§ **Exercise requirements**: The response must contain every line from the records below that has "kedua".
### Task inputs ###
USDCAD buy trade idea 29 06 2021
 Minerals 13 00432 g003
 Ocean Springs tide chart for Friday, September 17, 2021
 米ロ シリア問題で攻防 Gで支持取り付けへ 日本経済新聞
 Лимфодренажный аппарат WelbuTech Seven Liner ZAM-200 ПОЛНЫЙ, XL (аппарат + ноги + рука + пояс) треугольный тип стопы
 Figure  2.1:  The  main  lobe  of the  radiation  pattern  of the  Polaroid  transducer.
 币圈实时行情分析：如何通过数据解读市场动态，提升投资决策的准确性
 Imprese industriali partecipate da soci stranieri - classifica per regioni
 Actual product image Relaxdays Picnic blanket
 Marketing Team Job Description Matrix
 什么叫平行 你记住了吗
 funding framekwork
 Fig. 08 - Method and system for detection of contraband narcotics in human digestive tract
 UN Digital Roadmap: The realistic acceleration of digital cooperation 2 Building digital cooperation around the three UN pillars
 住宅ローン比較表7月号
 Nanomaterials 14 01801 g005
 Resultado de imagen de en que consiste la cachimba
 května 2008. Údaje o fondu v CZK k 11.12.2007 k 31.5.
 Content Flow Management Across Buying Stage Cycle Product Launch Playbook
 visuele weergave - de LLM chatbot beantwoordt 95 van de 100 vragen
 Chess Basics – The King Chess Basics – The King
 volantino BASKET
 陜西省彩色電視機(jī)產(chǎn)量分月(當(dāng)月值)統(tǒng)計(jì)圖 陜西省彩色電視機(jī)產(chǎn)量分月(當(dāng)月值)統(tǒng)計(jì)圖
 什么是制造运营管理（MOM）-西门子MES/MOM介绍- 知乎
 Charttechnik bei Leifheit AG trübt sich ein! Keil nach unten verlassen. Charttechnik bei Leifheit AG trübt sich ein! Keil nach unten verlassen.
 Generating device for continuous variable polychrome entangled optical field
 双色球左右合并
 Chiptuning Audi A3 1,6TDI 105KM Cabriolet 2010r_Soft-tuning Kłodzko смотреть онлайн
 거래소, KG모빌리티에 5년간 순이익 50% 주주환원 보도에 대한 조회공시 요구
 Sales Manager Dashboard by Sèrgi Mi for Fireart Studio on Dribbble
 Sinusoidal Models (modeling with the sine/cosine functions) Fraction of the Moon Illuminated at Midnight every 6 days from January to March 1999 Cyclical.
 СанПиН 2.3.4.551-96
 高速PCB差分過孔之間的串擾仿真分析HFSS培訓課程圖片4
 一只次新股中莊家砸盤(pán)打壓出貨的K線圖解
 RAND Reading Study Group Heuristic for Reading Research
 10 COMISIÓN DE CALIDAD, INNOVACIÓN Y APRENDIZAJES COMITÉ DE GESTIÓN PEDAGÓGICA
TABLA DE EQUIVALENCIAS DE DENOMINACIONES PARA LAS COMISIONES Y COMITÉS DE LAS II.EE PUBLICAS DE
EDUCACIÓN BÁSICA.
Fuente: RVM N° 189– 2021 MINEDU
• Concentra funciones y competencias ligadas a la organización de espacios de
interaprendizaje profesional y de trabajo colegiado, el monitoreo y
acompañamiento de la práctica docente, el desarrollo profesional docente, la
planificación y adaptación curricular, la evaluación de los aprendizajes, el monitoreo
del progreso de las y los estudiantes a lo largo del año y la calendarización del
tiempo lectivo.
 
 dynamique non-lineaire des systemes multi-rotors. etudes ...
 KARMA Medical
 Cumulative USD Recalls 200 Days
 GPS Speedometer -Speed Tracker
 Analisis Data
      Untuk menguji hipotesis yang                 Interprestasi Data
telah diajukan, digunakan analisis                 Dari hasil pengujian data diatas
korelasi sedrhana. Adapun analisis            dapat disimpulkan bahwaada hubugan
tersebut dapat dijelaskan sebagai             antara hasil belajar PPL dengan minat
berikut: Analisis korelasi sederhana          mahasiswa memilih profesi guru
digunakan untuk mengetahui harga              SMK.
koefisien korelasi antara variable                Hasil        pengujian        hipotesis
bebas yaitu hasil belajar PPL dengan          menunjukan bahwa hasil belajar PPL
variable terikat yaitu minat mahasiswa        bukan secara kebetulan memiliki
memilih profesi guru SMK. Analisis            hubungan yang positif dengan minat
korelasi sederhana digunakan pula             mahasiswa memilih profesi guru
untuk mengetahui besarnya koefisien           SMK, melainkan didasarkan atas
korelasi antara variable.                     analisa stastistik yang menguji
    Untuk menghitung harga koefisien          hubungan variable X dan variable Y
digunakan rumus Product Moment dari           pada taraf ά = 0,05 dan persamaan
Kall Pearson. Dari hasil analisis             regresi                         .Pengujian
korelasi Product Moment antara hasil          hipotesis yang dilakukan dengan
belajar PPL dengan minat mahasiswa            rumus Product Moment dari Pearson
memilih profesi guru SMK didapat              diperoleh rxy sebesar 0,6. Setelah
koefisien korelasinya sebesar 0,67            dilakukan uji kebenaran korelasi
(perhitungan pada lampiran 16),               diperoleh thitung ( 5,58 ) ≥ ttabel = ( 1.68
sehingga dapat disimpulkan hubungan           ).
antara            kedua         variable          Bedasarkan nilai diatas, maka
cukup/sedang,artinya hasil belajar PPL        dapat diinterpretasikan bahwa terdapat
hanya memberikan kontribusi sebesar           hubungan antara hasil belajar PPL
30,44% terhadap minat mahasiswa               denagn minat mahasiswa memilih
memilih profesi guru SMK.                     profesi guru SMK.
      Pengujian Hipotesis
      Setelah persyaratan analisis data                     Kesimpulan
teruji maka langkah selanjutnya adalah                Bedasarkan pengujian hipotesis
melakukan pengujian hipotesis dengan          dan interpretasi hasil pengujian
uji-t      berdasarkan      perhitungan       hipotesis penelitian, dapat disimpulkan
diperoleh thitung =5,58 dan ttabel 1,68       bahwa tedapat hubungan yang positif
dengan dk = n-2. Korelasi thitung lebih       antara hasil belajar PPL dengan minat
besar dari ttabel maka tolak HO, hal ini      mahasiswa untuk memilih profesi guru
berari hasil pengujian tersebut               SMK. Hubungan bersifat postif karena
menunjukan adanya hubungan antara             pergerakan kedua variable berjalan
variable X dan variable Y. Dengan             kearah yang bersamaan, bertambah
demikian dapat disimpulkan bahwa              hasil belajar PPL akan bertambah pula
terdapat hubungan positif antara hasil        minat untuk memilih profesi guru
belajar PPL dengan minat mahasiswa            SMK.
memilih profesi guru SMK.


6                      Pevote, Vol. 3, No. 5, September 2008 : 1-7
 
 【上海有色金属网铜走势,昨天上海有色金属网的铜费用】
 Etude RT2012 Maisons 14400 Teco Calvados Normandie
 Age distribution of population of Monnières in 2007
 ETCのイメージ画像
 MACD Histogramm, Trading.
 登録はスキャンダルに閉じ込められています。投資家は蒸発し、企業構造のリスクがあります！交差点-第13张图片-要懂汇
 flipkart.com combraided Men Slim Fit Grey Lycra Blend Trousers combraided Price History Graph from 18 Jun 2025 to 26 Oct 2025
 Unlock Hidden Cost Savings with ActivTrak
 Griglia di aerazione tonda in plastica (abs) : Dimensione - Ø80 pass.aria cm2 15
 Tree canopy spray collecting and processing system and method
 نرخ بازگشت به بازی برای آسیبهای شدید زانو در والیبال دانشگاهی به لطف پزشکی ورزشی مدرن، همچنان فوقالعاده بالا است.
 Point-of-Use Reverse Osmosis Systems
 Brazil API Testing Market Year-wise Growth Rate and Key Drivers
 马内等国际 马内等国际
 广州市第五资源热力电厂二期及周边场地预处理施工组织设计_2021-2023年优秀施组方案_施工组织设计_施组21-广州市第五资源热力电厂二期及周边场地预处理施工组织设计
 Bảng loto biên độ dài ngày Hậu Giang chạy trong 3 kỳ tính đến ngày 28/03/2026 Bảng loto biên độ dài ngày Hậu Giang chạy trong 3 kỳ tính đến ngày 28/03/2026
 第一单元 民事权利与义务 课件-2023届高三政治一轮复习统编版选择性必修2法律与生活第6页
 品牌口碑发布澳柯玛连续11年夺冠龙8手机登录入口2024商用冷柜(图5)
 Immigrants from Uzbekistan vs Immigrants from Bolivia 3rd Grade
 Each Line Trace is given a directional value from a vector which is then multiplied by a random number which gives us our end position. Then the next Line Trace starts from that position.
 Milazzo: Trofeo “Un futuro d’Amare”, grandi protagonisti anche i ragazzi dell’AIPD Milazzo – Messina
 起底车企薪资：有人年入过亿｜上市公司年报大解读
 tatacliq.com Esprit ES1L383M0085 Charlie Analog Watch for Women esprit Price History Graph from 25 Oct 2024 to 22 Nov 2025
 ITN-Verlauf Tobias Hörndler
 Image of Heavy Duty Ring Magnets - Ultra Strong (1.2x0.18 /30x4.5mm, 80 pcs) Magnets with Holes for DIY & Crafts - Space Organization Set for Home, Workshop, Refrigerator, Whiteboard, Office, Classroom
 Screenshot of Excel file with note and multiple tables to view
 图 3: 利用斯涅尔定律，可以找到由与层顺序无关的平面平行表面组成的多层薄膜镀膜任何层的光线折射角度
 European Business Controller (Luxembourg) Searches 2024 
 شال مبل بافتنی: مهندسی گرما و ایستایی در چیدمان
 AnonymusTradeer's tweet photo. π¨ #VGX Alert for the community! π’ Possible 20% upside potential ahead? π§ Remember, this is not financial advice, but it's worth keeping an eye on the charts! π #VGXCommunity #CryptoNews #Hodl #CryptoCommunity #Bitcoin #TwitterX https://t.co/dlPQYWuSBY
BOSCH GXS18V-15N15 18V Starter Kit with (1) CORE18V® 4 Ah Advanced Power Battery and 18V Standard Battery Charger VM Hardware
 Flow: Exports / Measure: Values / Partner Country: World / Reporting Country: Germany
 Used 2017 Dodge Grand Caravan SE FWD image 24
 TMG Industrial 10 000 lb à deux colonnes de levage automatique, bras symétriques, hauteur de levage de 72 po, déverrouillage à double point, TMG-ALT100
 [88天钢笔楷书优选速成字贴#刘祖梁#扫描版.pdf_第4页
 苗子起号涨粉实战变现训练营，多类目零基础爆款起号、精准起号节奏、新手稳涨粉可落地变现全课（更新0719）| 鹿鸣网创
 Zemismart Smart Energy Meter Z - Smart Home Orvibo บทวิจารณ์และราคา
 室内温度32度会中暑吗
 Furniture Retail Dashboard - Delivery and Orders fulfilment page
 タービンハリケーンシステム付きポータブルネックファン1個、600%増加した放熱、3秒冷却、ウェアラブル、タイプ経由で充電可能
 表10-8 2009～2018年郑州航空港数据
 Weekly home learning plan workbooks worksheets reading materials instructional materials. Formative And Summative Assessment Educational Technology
###
§ **Task solution**:
antara            kedua         variable          Bedasarkan nilai diatas, maka
menunjukan adanya hubungan antara             pergerakan kedua variable berjalan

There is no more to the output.